* YOUR ASSIGNMENT *
Print all of the data exactly, but drop the pictures.

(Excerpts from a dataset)
########

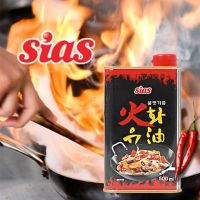 ตามรอยซีรีย์เกาหลี นะจ๊ะ  시아스 화유 불맛기름 น้ำมันพริก Sias Fire Flavor Oil 500ml.?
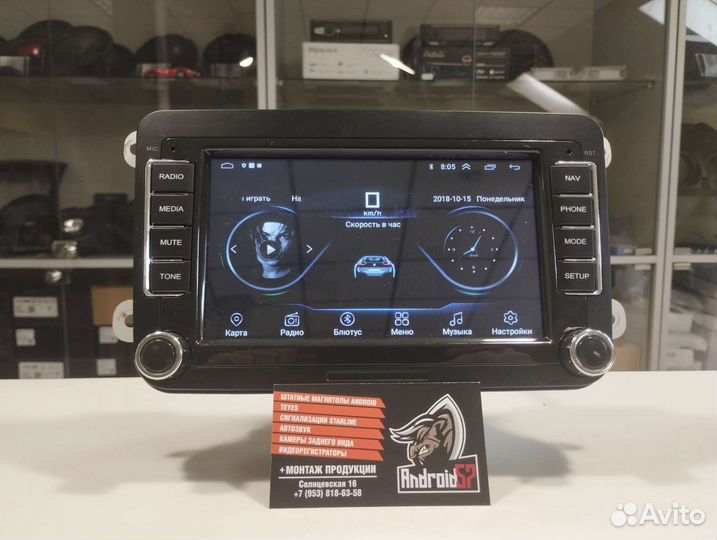 Магнитола андроид VW Фольксваген skoda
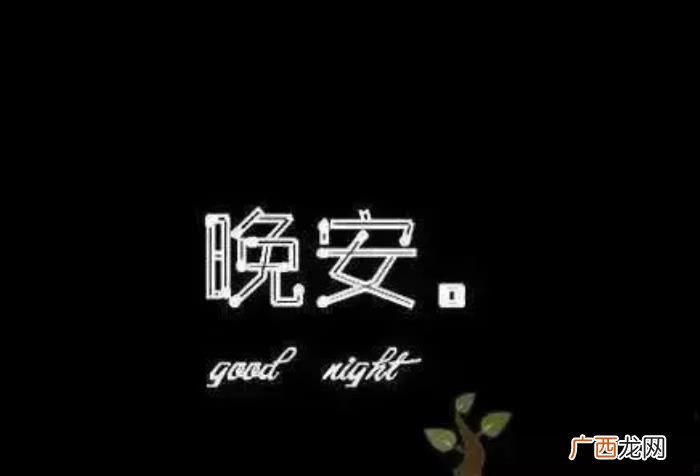 晚安心语正能量致自己 晚安致自己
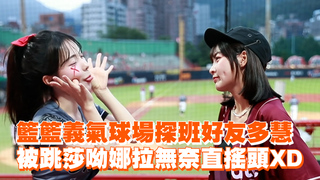 籃籃義氣球場探班好友多慧　被跳莎呦娜拉無奈直搖頭XD
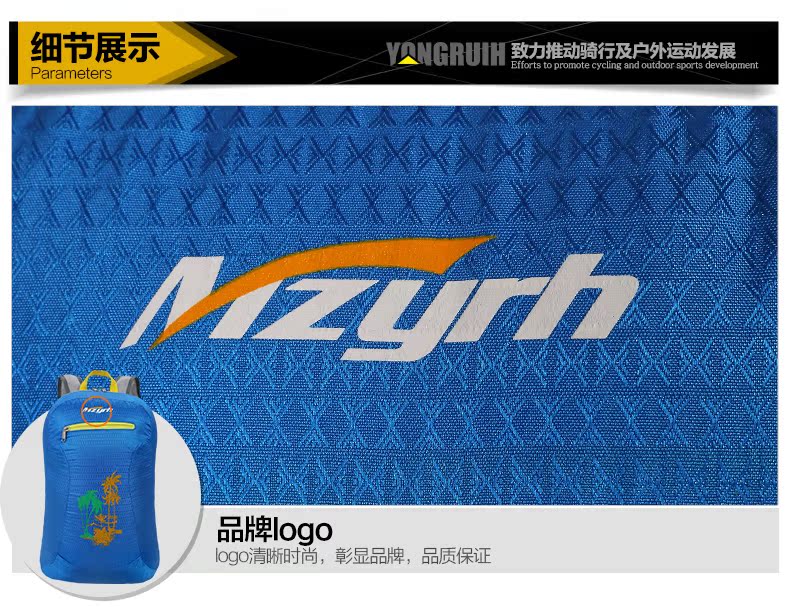 Sacoche pour vélo mixte MZYRH - Ref 2232176 Image 37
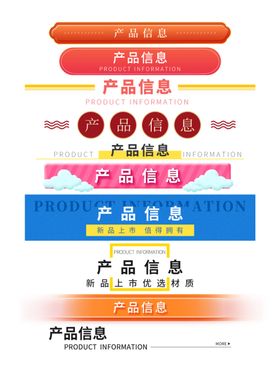 标题详情页导航条、导航栏、导航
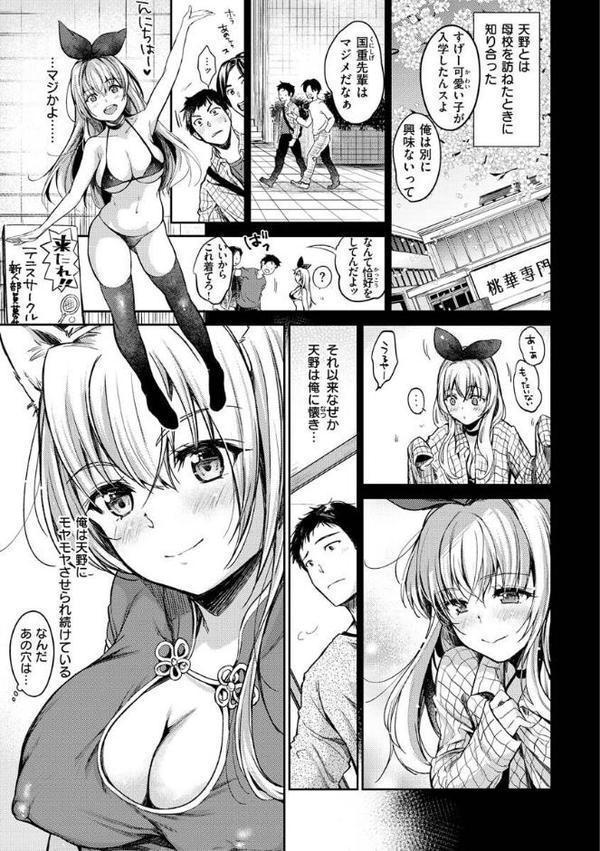 僕らのハジメテ【桃月すず】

########

* REPLY TO THE EXERCISE *
 ตามรอยซีรีย์เกาหลี นะจ๊ะ  시아스 화유 불맛기름 น้ำมันพริก Sias Fire Flavor Oil 500ml.?
 Магнитола андроид VW Фольксваген skoda
 晚安心语正能量致自己 晚安致自己
 籃籃義氣球場探班好友多慧　被跳莎呦娜拉無奈直搖頭XD
 Sacoche pour vélo mixte MZYRH - Ref 2232176 Image 37
 标题详情页导航条、导航栏、导航
 僕らのハジメテ【桃月すず】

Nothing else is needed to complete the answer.